Update: SeaFrance decision delayed

Workers get extra time to evaluate Sarkozy offer to help fund cooperative buy-out bid

A PARIS commercial court has delayed a decision on the future of troubled cross-Channel ferry firm SeaFrance to get more information on the government's offer to help a worker buy-out.

SeaFrance, which lost €240 million in 2010, has been in administration since the middle of November and its ferries have been tied up at Calais since then. A buy-out bid by the Scop workers cooperative is the only offer on the table for the company after a DFDS Seaways and LD Lines consortium pulled out.

Now the Scop has been given extra time to work out what President Sarkozy's last-minute intervention will mean in financial terms. The next hearing of the commercial court has been set for January 9.

Transport Minister Thierry Mariani derided the Scop offer as a "fantasy" last week but his boss, Ecology Minister Nathalie Kosciusko-Morizet, yesterday stepped in after Sarkozy used his New Year message to call on employers to "do everything possible" to maintain jobs in the face of recession and increasing unemployment.

Kosciusko-Morizet revealed after a surprise meeting at the Elysée that the state would help fund the Scop proposal, which was said to be €50m short of what was needed to keep SeaFrance in business.

Money that would be otherwise be paid out to compensate redundancies is a major part of the funding proposal and Sarkozy has said that state-owned SNCF, which is 100% owner of SeaFrance, should also come up with exceptional aid for the workers.

However, union sources have reacted strongly against the lack of direct state involvement with some saying that it was unlikely that all the workers would want their redundancy money used to fund the new business.

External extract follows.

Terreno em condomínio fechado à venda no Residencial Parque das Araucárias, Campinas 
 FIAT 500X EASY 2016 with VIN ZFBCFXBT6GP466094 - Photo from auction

Rival ferry firm P&O has also attacked plans for state aid for SeaFrance and said it would lodge a protest with the European Union authorities.

The SeaFrance move comes as the government also revealed that increased aid would be given to the car industry which saw sales tumbling by up to 29% after the end of the prime à la casse car scrappage scheme.

Unemployment is approaching 10% just four months before the presidential election and Industry Minister Eric Besson said a "second generation" support scheme would be set up to replace the scrappage allowance.